Hilft Dir das weiter?


----------



## jf (11. Apr 2012)

nuclearwinter hat gesagt.:


> Hilft Dir das weiter?


Ich hatte die Seite leider erst nach meiner Frage gefunden - aber es bestehen dazu Restfragen:
Muss ich beim lesen der Datei stets mit read() arbeiten und in deiner Schleife jedes Byte einzeln auslesen?
Aus Effizienzgründen wäre mir das Auslesen in einen Puffer (Byte-Array) lieber - doch hierfür benötige ich die Länge der Datei. Da mir aber _openFileInput()_ nur den Stream liefert, habe ich Schwierigkeiten, die die Größe der Datei zu ermitteln... - Wie macht ihr das?


----------



## schlingel (11. Apr 2012)

Was genau hast du den vor? 

Aber prinzipiell mache ich das schon in einer Schleife in der ich einen Buffer immer wieder vollschreibe und mit den Daten etwas tue. Hausnummer 1024 byte Buffer oder so etwas.


----------



## jf (11. Apr 2012)

schlingel hat gesagt.:


> Was genau hast du den vor?


Ich möchte Daten über eine XML-Datei persistieren (serialisieren des Menü-Objektes). - Ich würde sagen, sie wird maximal 10k groß.



schlingel hat gesagt.:


> Aber prinzipiell mache ich das schon in einer Schleife in der ich einen Buffer immer wieder vollschreibe und mit den Daten etwas tue. Hausnummer 1024 byte Buffer oder so etwas.


Ok, an der Stelle würde ich sagen, kommt die "goldene Regel" zum Tragen: Optimierung erst wenn es wirklich nötig ist!
Ich wollte nur abklären, ob es nicht doch eine Möglichkeit gibt, die Datei komplett auf einmal einzulesen - ohne, dass eine Schleife nötig wäre...


----------



## Gast2 (11. Apr 2012)

Optimiert finde ich es, wenn man eben nicht alles erst mal in den Speicher müllt, sondern das Häppchenweise macht?! Vielleicht haben wir da ein unterschiedliches Verständnis von optimiert. 

Im übrigen mache ich es auch so, sei es Dateien zu lesen, Streams zu lesen, XXX zu lesen. Ausnahmen gibts da bei mir meist nur in Config Dateien (xml) welche ich direkt komplett parsen lasse (von der lib) um dann den Object tree auszuwerten.


----------



## jf (11. Apr 2012)

kappesf hat gesagt.:


> Optimiert finde ich es, wenn man eben nicht alles erst mal in den Speicher müllt, sondern das Häppchenweise macht?! Vielleicht haben wir da ein unterschiedliches Verständnis von optimiert.

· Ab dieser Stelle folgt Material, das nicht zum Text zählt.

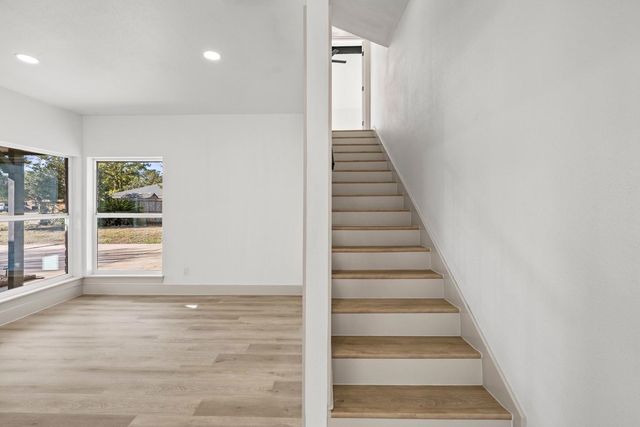 106 Burgundy Lane, League City, TX 77573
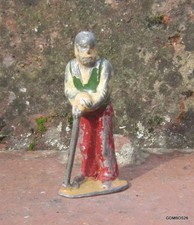 DC PLOMB CREUX LA FERME/ FIGURINE VIEUX FERMIER NO QUIRALU BF GM HR CL
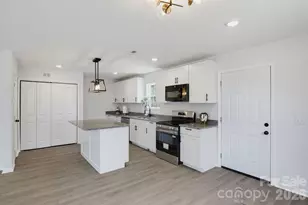 2258 Lula St, Winston Salem, NC 27101 - Photo 9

Nein, je nachdem WAS man eben optimiert:
man kann das vollständige Einlesen einer Datei optimieren - oder aber den Einlesevorgang ansich, wie du schreibst.



kappesf hat gesagt.:


> Im übrigen mache ich es auch so, sei es Dateien zu lesen, Streams zu lesen, XXX zu lesen. Ausnahmen gibts da bei mir meist nur in Config Dateien (xml) welche ich direkt komplett parsen lasse (von der lib) um dann den Object tree auszuwerten.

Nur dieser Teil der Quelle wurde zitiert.